== Task to complete ==
From the line that contains "This main bedroom" to the end of the entries, copy each line exactly, though the pictures stay out.
*** Opening of Supplied records ***
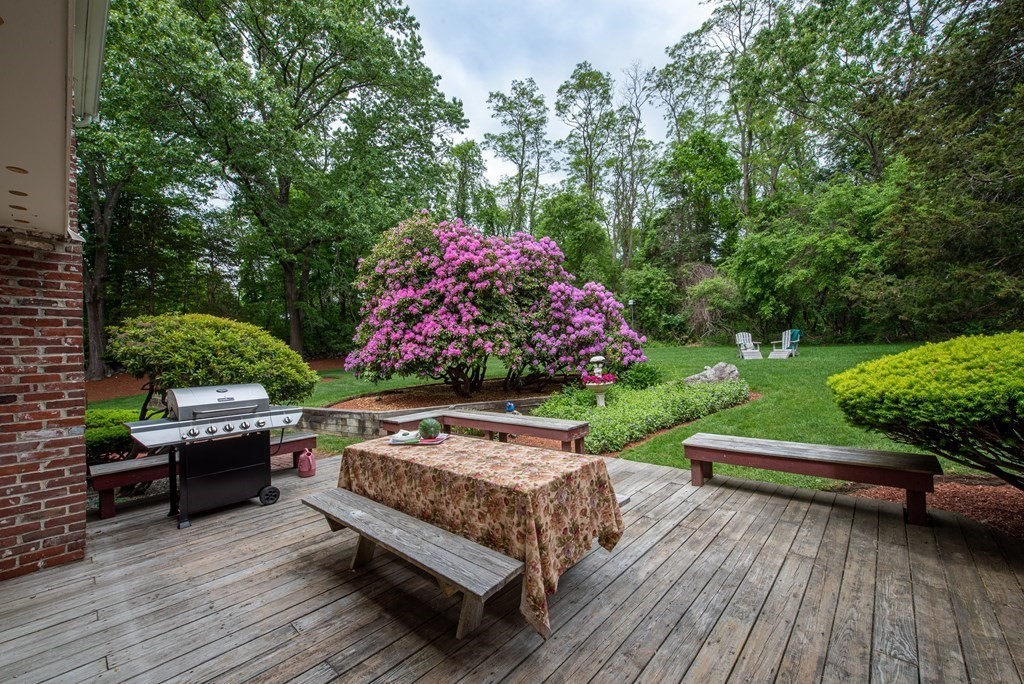 6 Trask Road Boxford, MA 01921 - Photo 26 of 36 a view of a wooden bench with chairs in front of house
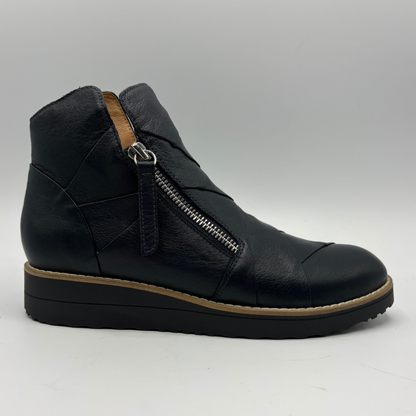 A black leather ankle boot with a side zipper, shown from a side profile view against a neutral gray background.
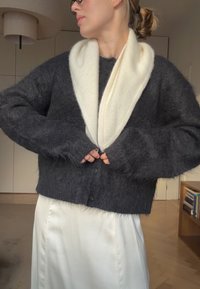 Grå, blød cardigan med overdådig kappehals i creme, med lange ærmer og knaplukning, kombineret med en cremefarvet satin nederdel.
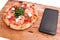 Pizza, Italian food delivery, call or order online on mobile, cellular, smart phone. Pizza and mobile phone on a wooden background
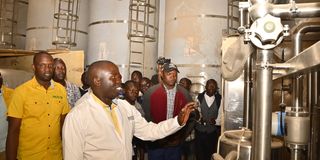 Nandi governor inspecting the Nandi Dairy Cooperative processing plant.
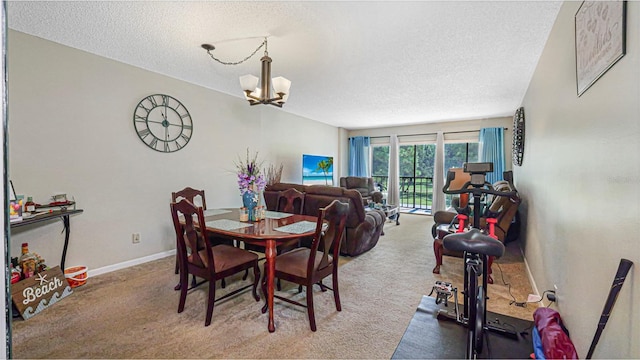 dining space with a notable chandelier, carpet floors, and a textured ceiling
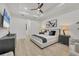 This main bedroom features a king-size bed, two nightstands, and a dresser at 7024 Brier Creek Ct, Lakewood Ranch, FL 34202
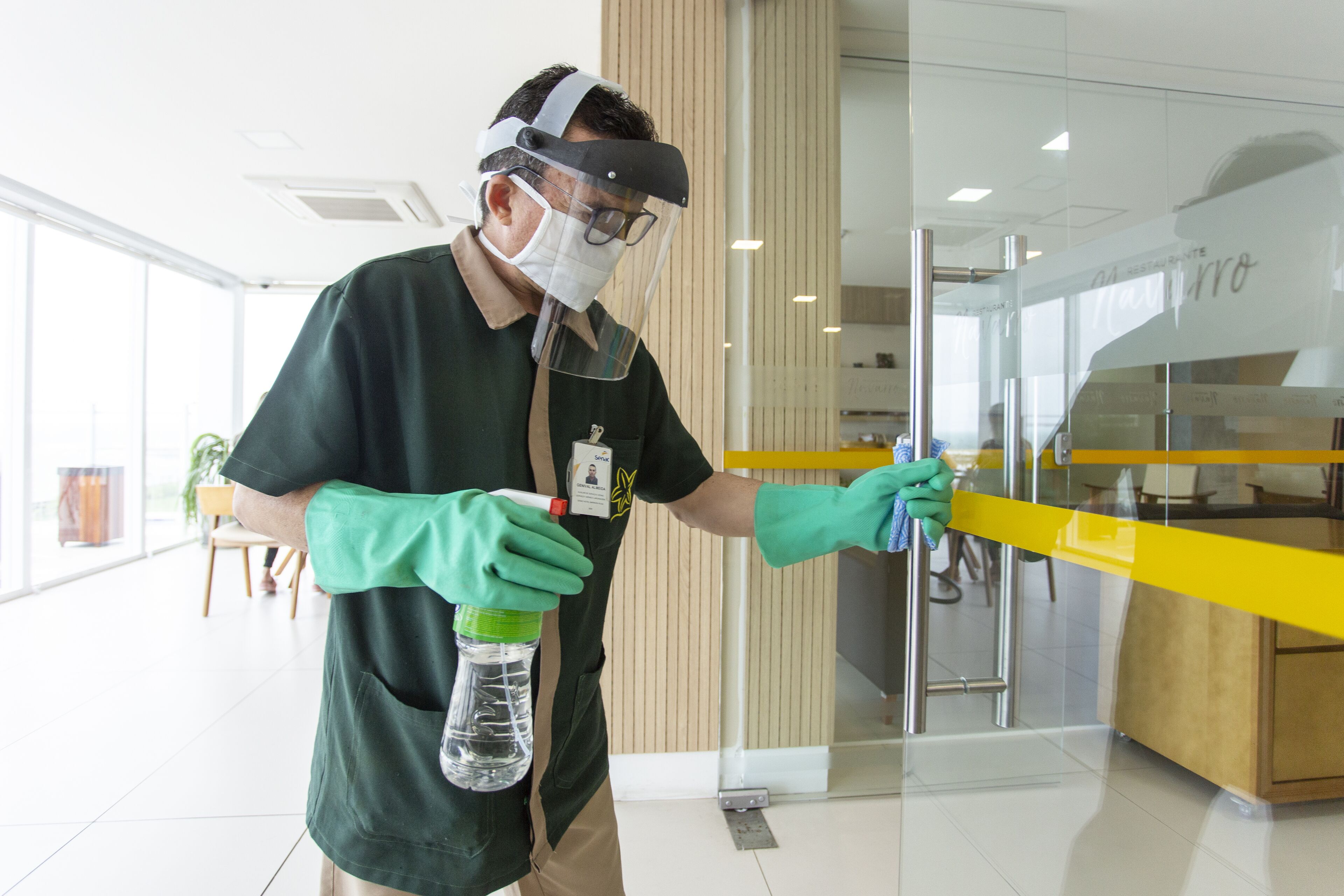 A person wearing a mask and gloves cleaning a glass partition in a modern interior space with wooden accents and a yellow counter.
*** Close of Supplied records ***
== Final answer ==
 This main bedroom features a king-size bed, two nightstands, and a dresser at 7024 Brier Creek Ct, Lakewood Ranch, FL 34202
 A person wearing a mask and gloves cleaning a glass partition in a modern interior space with wooden accents and a yellow counter.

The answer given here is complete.